The actor accepts the following input parameters:

{
"domains": [
"example.com",
"example.org"
],
"maxConcurrency": 1, // Optional, default: 1, max: 10
"timePeriod": "Last 30 days", // Optional, default: "Last 30 days"
"startDate": "2018-06-08", // Optional, required if timePeriod is "Custom" (format: YYYY-MM-DD)
"endDate": "2018-06-15", // Optional, required if timePeriod is "Custom" (format: YYYY-MM-DD)
"platform": "All" // Optional, default: "All" - filter by Google platform
}
  • domains: Array of domains to check for ads (required)
  • maxConcurrency: Maximum number of domains to process concurrently (optional)
  • timePeriod: Time period to check ads for (optional). Options:
    • "Today" - Check ads from today
    • "Yesterday" - Check ads from yesterday
    • "Last 7 days" - Check ads from the last 7 days
    • "Last 30 days" - Check ads from the last 30 days (default)
    • "Custom" - Use custom date range (requires startDate and endDate)
  • startDate: Start date for custom date range (format: YYYY-MM-DD). Required if timePeriod is "Custom"
  • endDate: End date for custom date range (format: YYYY-MM-DD). Required if timePeriod is "Custom"
  • platform: Google platform to filter ads by (optional). Options:
    • "All" - Check ads across all platforms (default)
    • "SEARCH" - Google Search ads only
    • "YOUTUBE" - YouTube ads only
    • "SHOPPING" - Google Shopping ads only
    • "MAPS" - Google Maps ads only
    • "PLAY" - Google Play ads only

Output

The actor saves results to its default dataset.
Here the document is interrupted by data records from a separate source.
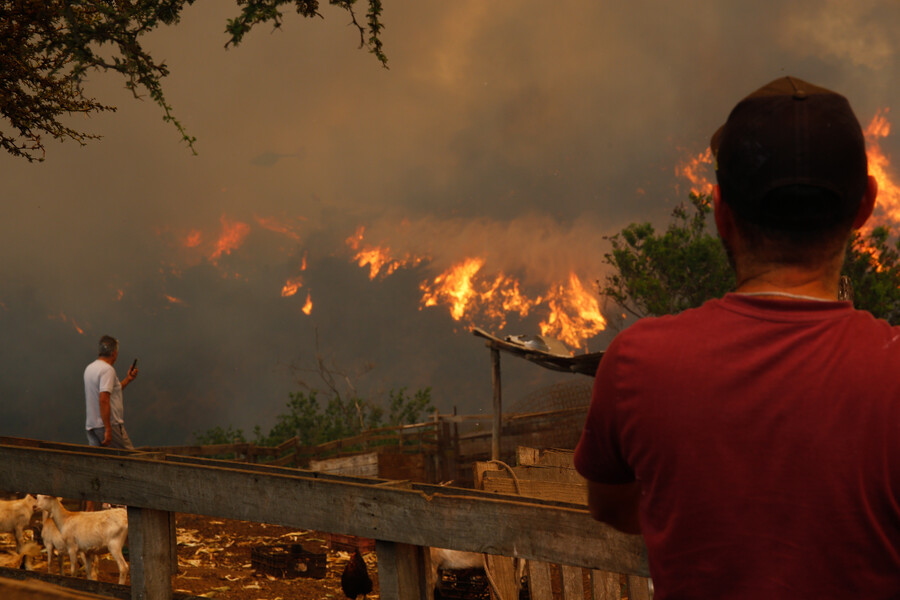 Mega incendio de Viña deja lección: Humo daña la salud y se necesita mascarilla con filtro Hepa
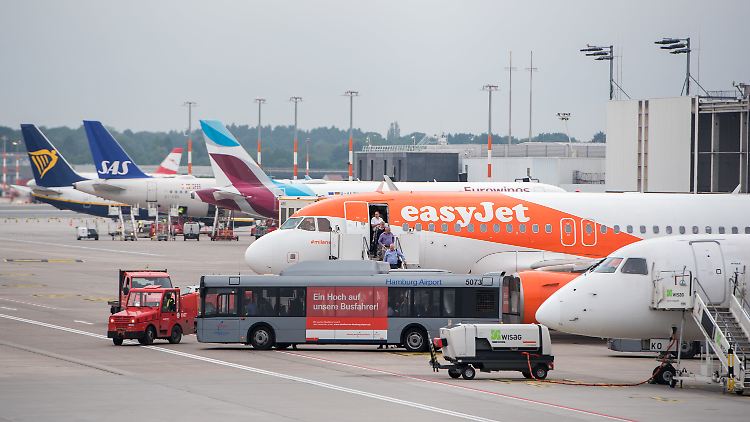 Im Laufe des Tages soll sich die Situation am Hamburger Flughafen wieder normalisieren.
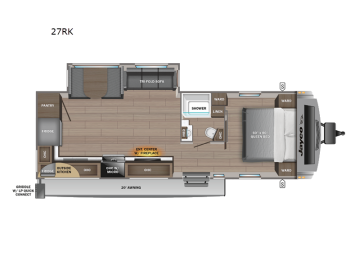 2024 JAYCO White Hawk 27RK
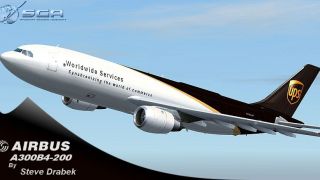 Screenshot 2 — SGA UPS A300 Textures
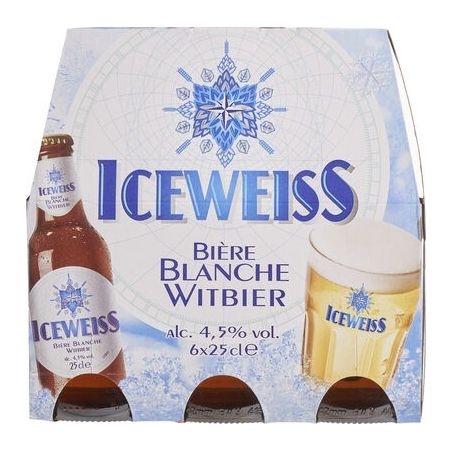 Iceweiss Ble 6X25Cl Biere Blanche 4.5%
Each item contains:

{
"domain": "example.com",
"ads_running": true,
"creatives": [
{
"type": "image",
"url": "https://..."
},
{
"type": "video",
"url": "https://..."
}
],
"ad_texts": [
"Extracted text from image 1",
"Extracted text from image 2"
],
"time_period": "Last 30 days",
"start_date": null,
"end_date": null,
"platform": "All",
"error": null, // Error message if scraping failed
"timestamp": "2024-03-21T12:34:56.789Z"
}

Usage

  1. Create a new task for the actor
  2. Provide input:
    {
    "domains": ["example.com"],
    "maxConcurrency": 1,
    "timePeriod": "Last 7 days",
    "platform": "YOUTUBE"
    }
  3. Run the task
  4. Get results from the dataset

Performance and Limits

  • Memory: 4096 MB
  • Timeout: 4 hours
  • Concurrency: 1-10 domains in parallel
  • Rate limiting: 2 second delay between requests

Dependencies

  • Python 3.9
  • Chrome browser
  • Tesseract OCR
  • Key Python packages:
    • selenium
    • pytesseract
    • aiohttp
    • Pillow
    • apify-client

Error Handling

The actor implements robust error handling:

  • Automatic retries for transient errors
  • Graceful degradation for OCR failures
  • Detailed error reporting in output
  • Progress tracking and statistics

Development

  1. Install dependencies:

    $pip install -r requirements.txt
  2. Install system dependencies:

    $apt-get install tesseract-ocr
  3. Run locally:

    $python main.py

License

Apache 2.0